An IPMI sub-system consists of a main controller, called the baseboard management controller (BMC) and other management controllers distributed among different system modules that are referred to as satellite controllers. The satellite controllers within the same chassis connect to the BMC via the system interface called Intelligent Platform Management Bus/Bridge (IPMB) – an enhanced implementation of I²C (Inter-Integrated Circuit). The BMC connects to satellite controllers or another BMC in another chassis via the Intelligent Platform Management Controller (IPMC) bus or bridge. It may be managed with the Remote Management Control Protocol (RMCP), a specialized wire protocol defined by this specification.
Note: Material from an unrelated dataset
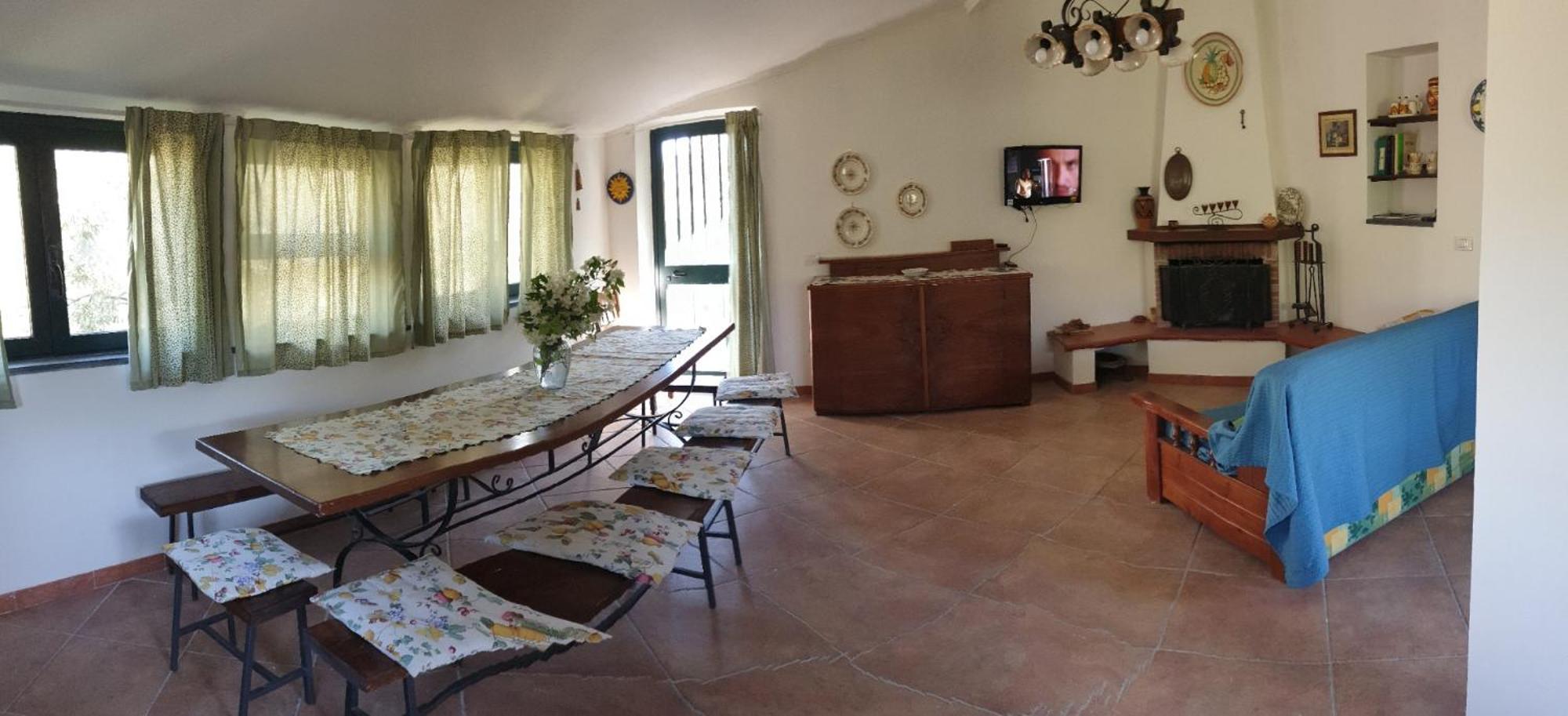 Casa Vacanza Etna Evergreen Villa Piedimonte Etneo Exterior photo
RMCP+ (a UDP-based protocol with stronger authentication than RMCP) is used for IPMI over LAN.

Several vendors develop and market BMC chips. A BMC utilized for embedded applications may have limited memory and require optimized firmware code for implementation of the full IPMI functionality. Highly integrated BMCs can provide complex instructions and provide the complete out-of-band functionality of a service processor. The firmware implementing the IPMI interfaces is provided by various vendors.
A field-replaceable unit (FRU) repository holds the inventory, such as vendor ID and manufacturer, of potentially replaceable devices. A sensor data record (SDR) repository provides the properties of the individual sensors present on the board. For example, the board may contain sensors for temperature, fan speed, and voltage.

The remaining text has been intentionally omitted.